▸ What you have to do: Copy out every line below without alteration.

▸ Exercise inputs:
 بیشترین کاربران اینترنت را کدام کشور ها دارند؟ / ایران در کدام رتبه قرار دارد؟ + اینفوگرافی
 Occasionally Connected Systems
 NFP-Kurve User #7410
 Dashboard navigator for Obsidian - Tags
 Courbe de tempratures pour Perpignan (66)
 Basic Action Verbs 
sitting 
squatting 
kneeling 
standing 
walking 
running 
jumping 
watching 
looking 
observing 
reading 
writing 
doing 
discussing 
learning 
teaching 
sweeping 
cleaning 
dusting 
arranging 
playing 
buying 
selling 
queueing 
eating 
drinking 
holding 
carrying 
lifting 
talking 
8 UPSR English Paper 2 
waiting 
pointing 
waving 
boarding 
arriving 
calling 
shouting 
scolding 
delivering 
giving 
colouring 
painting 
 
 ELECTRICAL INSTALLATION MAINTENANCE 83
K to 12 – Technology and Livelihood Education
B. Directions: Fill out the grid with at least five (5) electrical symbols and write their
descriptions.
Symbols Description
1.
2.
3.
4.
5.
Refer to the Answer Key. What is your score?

▸ Completed task:
 بیشترین کاربران اینترنت را کدام کشور ها دارند؟ / ایران در کدام رتبه قرار دارد؟ + اینفوگرافی
 Occasionally Connected Systems
 NFP-Kurve User #7410
 Dashboard navigator for Obsidian - Tags
 Courbe de tempratures pour Perpignan (66)
 Basic Action Verbs 
sitting 
squatting 
kneeling 
standing 
walking 
running 
jumping 
watching 
looking 
observing 
reading 
writing 
doing 
discussing 
learning 
teaching 
sweeping 
cleaning 
dusting 
arranging 
playing 
buying 
selling 
queueing 
eating 
drinking 
holding 
carrying 
lifting 
talking 
8 UPSR English Paper 2 
waiting 
pointing 
waving 
boarding 
arriving 
calling 
shouting 
scolding 
delivering 
giving 
colouring 
painting 
 
 ELECTRICAL INSTALLATION MAINTENANCE 83
K to 12 – Technology and Livelihood Education
B. Directions: Fill out the grid with at least five (5) electrical symbols and write their
descriptions.
Symbols Description
1.
2.
3.
4.
5.
Refer to the Answer Key. What is your score?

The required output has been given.